Victorwine wrote:Tradition. I would definitely think that with an increase in Syrah acreage the proportion of the Syrah percentage is on the rise. I don’t believe there is a stipulation in the rules and regulations of the CdP AOC governing allowable percentages. So technically any (single) varietal wine made in the region from any one of the 13 or so “allowable” grape varieties could be labeled CdP.

Salute


Victor, some people consider that Syrah is an interloper in S.Rhône, Languedoc and Roussillon. Tradition certainly plays a part but I think that Syrah grown in such warm climates would tend to give wines too heavy and darkly fruited to appeal to the French palate (as far as one can generalise about that) without the blending of more long standing local varieties, particularly Grenache and Mourvèdre. However, there are some strongly Syrah weighted blends in Languedoc grown at higher altitudes which give very elegant results; Alquier's Faugères Les Bastides springs to mind and I hope to open one in October.
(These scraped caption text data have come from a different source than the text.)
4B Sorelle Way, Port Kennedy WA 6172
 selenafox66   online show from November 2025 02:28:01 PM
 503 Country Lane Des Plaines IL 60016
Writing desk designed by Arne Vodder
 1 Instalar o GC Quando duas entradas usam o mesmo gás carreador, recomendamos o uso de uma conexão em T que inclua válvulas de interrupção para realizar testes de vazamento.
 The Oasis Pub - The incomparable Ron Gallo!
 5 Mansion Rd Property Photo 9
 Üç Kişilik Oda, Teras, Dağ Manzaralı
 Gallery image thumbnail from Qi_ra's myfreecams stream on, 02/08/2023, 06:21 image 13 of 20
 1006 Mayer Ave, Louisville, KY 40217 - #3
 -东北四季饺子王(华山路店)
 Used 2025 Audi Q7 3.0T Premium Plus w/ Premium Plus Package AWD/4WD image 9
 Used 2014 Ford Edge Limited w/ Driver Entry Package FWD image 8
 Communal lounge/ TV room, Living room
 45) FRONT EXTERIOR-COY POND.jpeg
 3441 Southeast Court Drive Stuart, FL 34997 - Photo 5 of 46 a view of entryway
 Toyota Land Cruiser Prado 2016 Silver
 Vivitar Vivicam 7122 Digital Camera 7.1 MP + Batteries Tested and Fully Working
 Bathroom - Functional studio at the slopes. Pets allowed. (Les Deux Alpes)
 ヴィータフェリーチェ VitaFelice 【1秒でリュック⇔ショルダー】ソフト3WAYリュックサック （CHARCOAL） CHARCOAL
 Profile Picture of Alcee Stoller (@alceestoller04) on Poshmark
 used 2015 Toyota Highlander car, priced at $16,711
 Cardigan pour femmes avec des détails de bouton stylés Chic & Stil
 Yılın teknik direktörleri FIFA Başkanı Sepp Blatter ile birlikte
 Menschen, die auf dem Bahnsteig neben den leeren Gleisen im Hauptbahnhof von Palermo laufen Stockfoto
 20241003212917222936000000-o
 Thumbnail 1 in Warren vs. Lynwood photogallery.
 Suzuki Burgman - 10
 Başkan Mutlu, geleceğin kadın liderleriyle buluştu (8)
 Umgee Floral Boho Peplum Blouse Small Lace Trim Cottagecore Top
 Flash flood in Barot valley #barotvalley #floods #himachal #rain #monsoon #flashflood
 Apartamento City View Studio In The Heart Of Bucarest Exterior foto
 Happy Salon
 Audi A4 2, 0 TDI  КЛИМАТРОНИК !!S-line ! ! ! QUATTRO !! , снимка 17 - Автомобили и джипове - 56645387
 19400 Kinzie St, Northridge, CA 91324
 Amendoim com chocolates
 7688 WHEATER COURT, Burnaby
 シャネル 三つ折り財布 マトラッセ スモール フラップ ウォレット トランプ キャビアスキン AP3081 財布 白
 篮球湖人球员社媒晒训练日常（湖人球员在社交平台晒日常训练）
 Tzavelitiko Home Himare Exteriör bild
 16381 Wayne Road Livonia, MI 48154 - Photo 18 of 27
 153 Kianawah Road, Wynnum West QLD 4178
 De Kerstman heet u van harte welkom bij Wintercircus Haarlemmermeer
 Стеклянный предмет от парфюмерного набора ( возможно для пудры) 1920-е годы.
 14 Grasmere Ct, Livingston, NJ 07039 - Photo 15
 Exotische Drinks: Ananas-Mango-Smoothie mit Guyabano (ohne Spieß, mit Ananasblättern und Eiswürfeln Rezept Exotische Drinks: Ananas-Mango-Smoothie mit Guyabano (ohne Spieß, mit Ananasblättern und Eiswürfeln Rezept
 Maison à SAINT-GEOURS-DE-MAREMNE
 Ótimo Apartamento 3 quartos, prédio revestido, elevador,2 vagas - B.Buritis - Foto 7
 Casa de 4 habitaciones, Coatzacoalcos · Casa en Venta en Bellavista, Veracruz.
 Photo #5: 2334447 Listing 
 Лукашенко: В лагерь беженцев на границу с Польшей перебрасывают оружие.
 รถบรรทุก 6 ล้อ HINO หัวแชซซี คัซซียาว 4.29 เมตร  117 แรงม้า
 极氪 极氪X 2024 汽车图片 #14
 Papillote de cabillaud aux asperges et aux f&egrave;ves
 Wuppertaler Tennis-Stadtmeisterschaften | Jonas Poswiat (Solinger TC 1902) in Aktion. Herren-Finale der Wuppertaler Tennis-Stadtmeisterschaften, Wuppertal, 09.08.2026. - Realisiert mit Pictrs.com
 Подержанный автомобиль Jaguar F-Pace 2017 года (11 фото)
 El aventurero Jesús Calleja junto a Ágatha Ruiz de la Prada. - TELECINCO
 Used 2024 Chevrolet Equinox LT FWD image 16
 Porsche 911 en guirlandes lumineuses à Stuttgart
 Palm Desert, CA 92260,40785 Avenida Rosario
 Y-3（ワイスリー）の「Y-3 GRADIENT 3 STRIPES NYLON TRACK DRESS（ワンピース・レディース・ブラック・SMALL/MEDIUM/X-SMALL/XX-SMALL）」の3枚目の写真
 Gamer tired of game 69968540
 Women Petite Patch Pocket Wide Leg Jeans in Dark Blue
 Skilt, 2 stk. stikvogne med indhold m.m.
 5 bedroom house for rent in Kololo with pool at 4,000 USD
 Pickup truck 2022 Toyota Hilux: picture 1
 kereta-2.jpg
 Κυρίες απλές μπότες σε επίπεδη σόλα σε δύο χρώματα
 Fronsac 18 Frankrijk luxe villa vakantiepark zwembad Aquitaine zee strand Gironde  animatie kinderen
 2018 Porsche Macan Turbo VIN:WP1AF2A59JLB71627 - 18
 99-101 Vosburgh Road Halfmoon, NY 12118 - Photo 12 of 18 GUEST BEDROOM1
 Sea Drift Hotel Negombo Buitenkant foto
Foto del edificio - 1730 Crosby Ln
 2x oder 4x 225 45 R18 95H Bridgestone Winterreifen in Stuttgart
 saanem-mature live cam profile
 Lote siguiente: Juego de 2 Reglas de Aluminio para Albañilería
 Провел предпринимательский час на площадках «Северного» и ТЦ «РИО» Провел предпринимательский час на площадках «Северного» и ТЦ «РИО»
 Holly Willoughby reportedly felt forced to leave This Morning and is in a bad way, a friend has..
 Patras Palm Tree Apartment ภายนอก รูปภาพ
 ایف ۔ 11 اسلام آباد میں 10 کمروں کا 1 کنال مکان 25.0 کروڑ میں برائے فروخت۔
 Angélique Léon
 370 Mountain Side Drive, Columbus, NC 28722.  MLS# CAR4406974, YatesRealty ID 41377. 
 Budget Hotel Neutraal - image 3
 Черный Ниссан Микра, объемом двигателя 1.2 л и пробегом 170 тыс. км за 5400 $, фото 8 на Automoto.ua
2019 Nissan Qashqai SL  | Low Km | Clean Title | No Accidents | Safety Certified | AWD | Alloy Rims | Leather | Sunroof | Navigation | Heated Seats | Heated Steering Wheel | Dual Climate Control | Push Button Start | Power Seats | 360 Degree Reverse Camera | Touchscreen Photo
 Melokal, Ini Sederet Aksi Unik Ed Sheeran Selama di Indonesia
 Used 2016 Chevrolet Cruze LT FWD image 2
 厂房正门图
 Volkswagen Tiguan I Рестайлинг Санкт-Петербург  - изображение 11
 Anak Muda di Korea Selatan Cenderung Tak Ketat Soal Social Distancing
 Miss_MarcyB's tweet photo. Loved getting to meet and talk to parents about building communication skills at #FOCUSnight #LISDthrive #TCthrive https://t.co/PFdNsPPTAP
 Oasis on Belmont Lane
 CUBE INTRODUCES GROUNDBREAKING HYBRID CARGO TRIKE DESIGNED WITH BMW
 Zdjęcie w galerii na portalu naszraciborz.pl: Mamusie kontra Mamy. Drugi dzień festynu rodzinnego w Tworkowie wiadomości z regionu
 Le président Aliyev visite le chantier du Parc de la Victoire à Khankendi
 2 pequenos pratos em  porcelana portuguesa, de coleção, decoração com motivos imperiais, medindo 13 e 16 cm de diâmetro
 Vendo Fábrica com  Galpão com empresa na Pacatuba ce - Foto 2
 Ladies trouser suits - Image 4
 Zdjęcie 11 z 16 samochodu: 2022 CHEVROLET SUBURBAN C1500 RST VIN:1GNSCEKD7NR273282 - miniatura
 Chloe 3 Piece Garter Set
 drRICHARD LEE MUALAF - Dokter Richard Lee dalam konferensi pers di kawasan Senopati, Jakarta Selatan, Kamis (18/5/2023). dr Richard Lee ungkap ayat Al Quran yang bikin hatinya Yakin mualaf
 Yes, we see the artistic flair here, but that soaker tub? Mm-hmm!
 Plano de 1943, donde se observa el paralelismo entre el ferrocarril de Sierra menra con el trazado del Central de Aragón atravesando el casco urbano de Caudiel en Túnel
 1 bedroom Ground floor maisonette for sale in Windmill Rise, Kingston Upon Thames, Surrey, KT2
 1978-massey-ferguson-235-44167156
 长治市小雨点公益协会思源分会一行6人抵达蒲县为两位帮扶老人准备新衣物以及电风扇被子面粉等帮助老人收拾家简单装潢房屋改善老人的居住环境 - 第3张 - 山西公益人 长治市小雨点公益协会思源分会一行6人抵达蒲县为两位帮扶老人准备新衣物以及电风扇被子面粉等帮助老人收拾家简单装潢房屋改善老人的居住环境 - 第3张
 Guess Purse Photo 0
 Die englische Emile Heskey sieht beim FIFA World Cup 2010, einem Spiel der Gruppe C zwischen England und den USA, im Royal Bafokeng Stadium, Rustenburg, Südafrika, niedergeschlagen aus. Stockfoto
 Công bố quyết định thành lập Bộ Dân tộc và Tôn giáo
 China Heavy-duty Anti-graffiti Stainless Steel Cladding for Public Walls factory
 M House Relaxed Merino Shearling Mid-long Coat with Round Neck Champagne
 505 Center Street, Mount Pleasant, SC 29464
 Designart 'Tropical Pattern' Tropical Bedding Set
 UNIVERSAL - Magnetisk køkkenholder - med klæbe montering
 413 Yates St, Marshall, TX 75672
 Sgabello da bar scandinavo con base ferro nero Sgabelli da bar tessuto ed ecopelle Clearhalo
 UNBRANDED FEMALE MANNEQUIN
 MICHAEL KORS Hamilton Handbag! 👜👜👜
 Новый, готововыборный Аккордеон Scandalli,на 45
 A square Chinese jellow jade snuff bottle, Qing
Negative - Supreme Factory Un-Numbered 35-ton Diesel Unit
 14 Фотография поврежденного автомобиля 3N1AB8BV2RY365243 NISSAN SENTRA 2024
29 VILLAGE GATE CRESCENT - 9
New Zealand wine critic, Geoff Kelly, who seems to have a French type palate, analyses the changing taste profile of Syrah according to ripeness in the following way -

Syrah is not that difficult to suss, if in judging it, more attention is paid to the bouquet of the wine, rather than the taste (as it should be, if subtleties are to be captured). Syrah as it ripens towards optimal physiological flavour maturity passes through a sequence of aroma analogies which can be summarised on bouquet as:
green and stalky
--> leafy
--> leafy and leafy / floral
--> red currants and suggestions of dianthus florals ± white pepper
--> cassis / black currants and sweetly floral dianthus / wallflower / buddleia notes ± white pepper grading though to black pepper
--> cassis grading through dark plums ± blueberry to black plums, plus freshly-cracked black peppercorn and spice, the florals now darker (red roses, violets) and progressively becoming attenuated
--> bottled black plums ± blueberry, still ideally with cracked black peppercorn tapering out
--> bottled black plums and blackberry mixed
--> boysenberry.
Beyond that the wines become more and more pruney and grossly over-ripe, as so much Aussie shiraz was in the '60s and '70s (and some still are in the ‘00s).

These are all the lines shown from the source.